2019 has been an impressive year for equities thus far, as the S&P broke the ominous 3000 level and has continued to run higher, climbing 24% since January. The benchmark index is currently on track to reach its best year since 2013. Including dividends and other payments, an investment in the S&P 500 would have returned 26% in 2019 so far. Now one analyst explains how a new demographic segment could help drive markets further.
One unique aspect of markets is that they are driven by the human emotions of fear and greed. Nobody wants to miss out on a bull market move higher, but investors simultaneously hesitate from fear, seeing how the move has already traveled so far without them. As a result, they wait on the sidelines until suddenly the pain of missing out is overcome by to greed, causing investors to jump in with both feet, often at the top.

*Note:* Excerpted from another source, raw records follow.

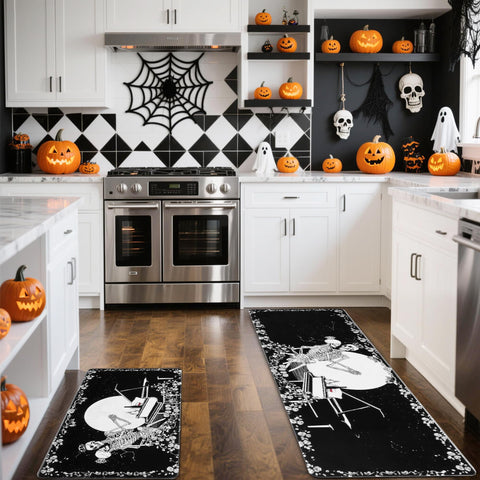 ShtNeeg skeleton kitchen mat 16x47 demonstrates long coverage and spill absorption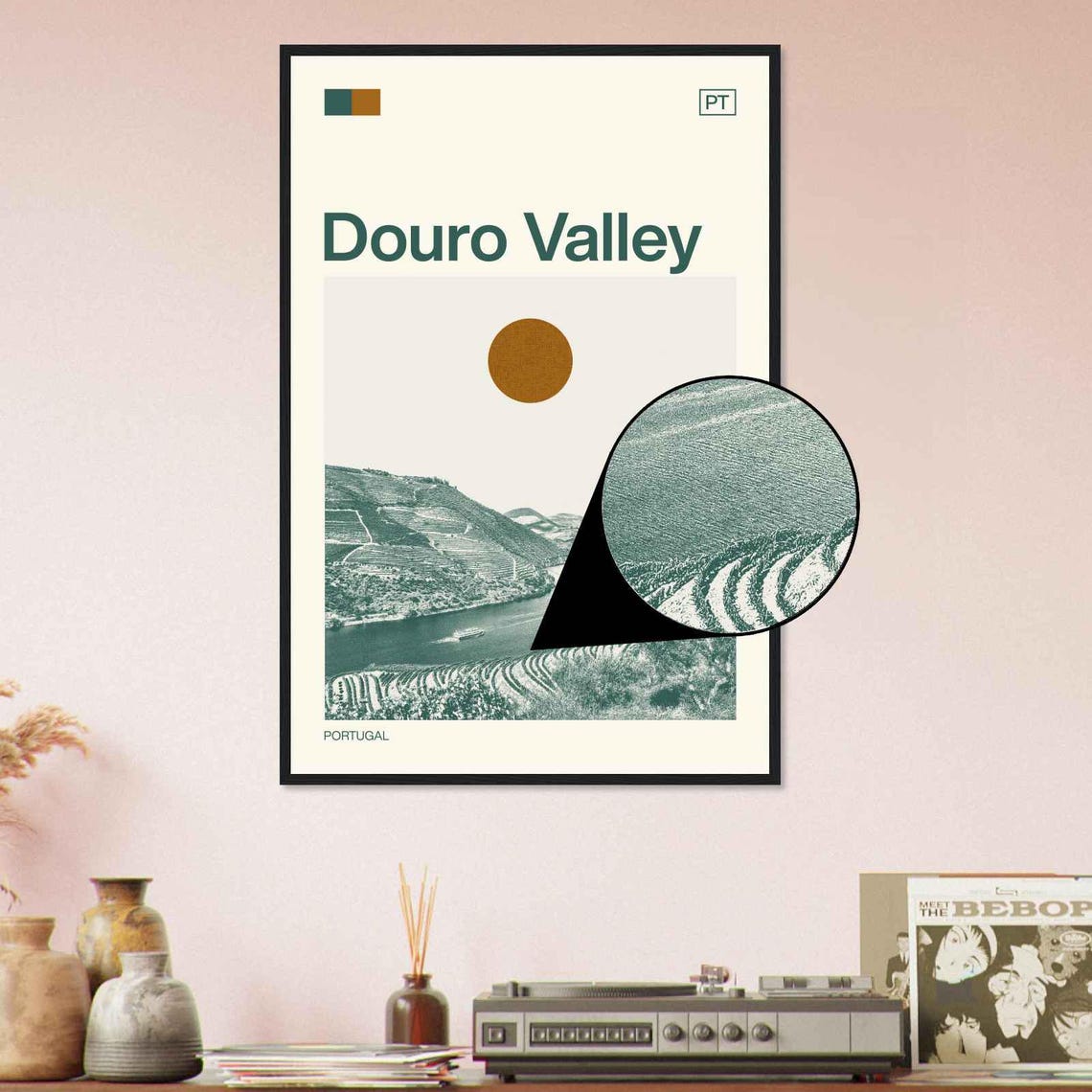 Douro Valley Portugal Terraced Vineyard River Landscape Poster - Image 4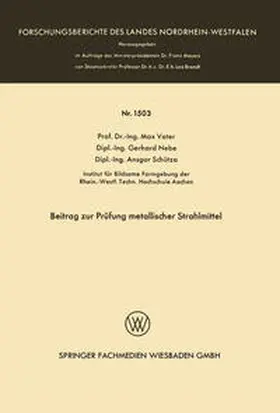 Vater | Beitrag zur Prüfung metallischer Strahlmittel | E-Book | sack.de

“I think it’s still one of these markets where more investors are you know sitting on too much dry powder. Not a lot of people have house money to play with so I think it’s still a market where you’re going to see the dips being bite. I just think you still have this big powerful demographic tail when taking place. It’s a reason the U.S. decouples this year but it’s also a reason why we’re starting to see next year potentially kind of a re-acceleration of growth and upside in S&P earnings,” Tom Lee of Fundstrat said on CNBC.

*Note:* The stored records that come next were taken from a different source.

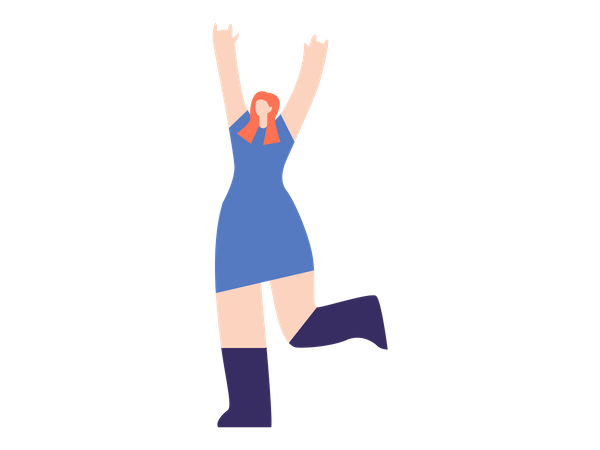 Frau steht in Tanzpose  Illustration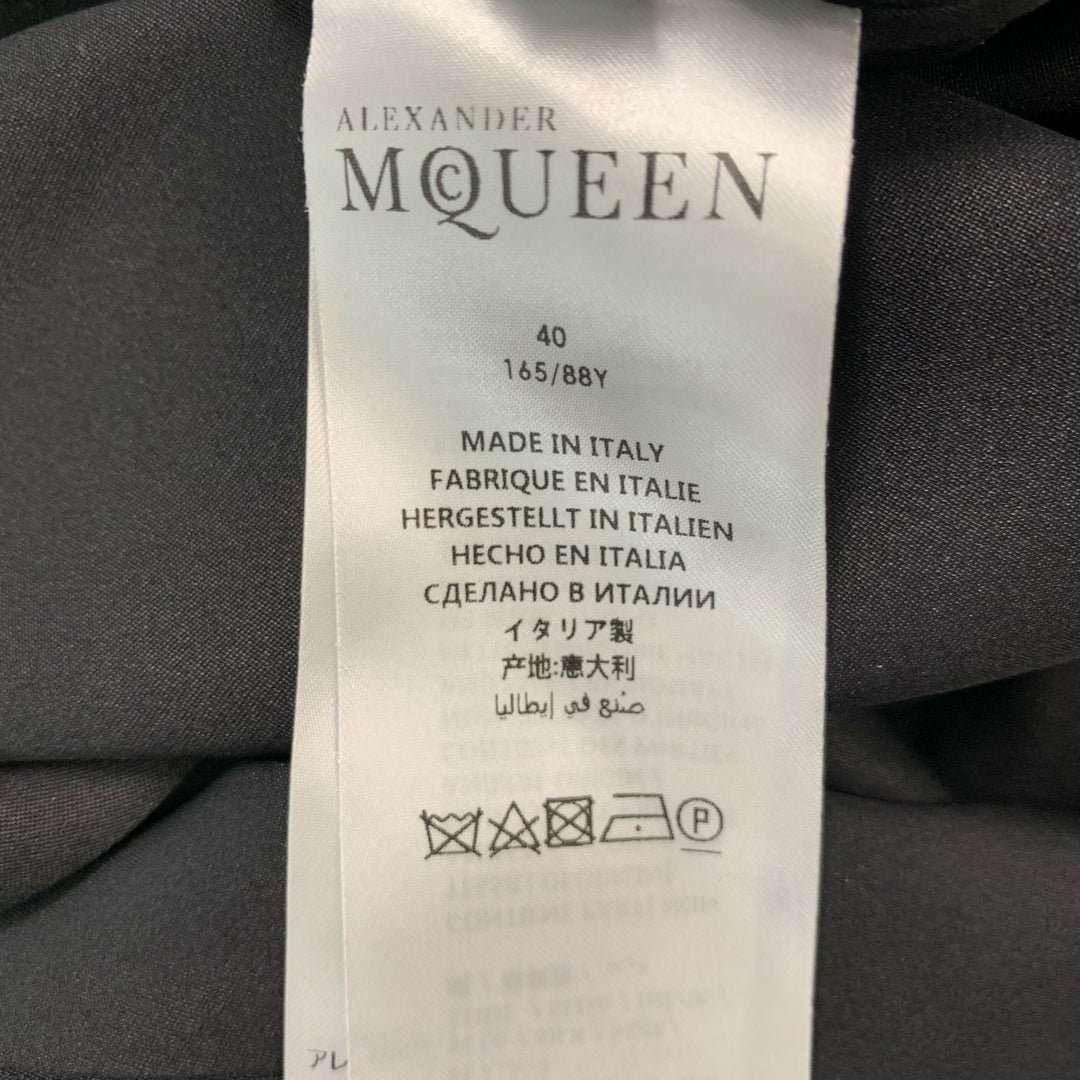 ALEXANDER MCQUEEN Size 4 Black Silk Solid Open Collar Blouse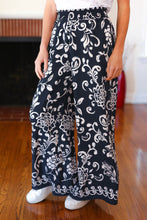 Load image into Gallery viewer, You Got This Navy Paisley Floral Smocked Waist Palazzo Pants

Leading this re-acceleration of growth, according to Lee, is a much debated demographic in the United States, the Millenials.

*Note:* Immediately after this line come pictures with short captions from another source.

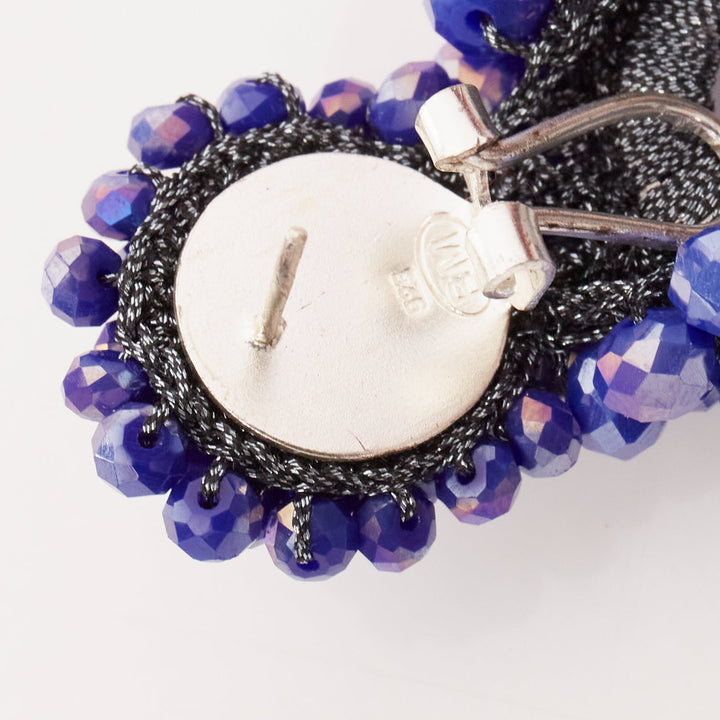 BIBI MARINI blue purple beaded lurex fabric hoop loop through earrings
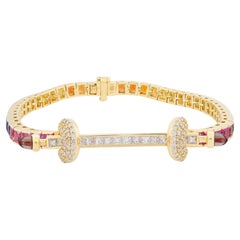 Multi Sapphire Gemstone Bracelet Diamond 18 Karat Yellow Gold Handmade Jewelry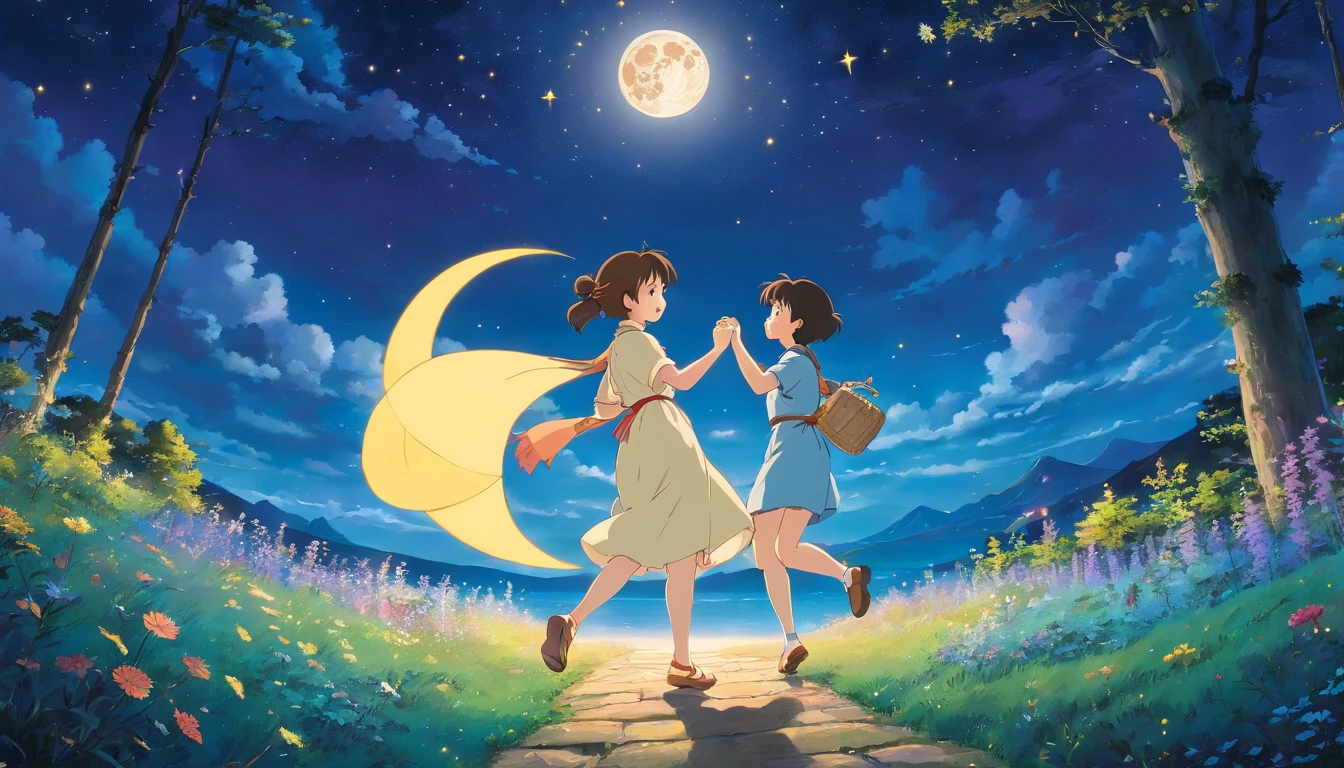The moon and stars dance at midnight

“What happening is millennial‘s are really clogged causing a really big jump in the 30 to 50-year-old cohort, and that’s the most important segment of any countries economy because they are the prime income earners, they’re also the ones that consume credit. And for the first time in really almost 12 years, the number of 30 to 50-year-olds is actually growing again. And if you look at sort of the size of the millennial demographic, that growth is set to take place for almost a decade. So it’s a tail wind that we haven’t seen in the US economy really since the mid to late 70s, Lee noted.
While there are Millennials all over the world, as it is really just a demographic specification, the US actually had a really significant growth in Millennials in comparison to the European and Chinese counterparts, which actually show contraction in the 30 to 50-year-old range. So the tailwind that is seen for Millennials is largely concentrated on the US and possibly India, said Lee.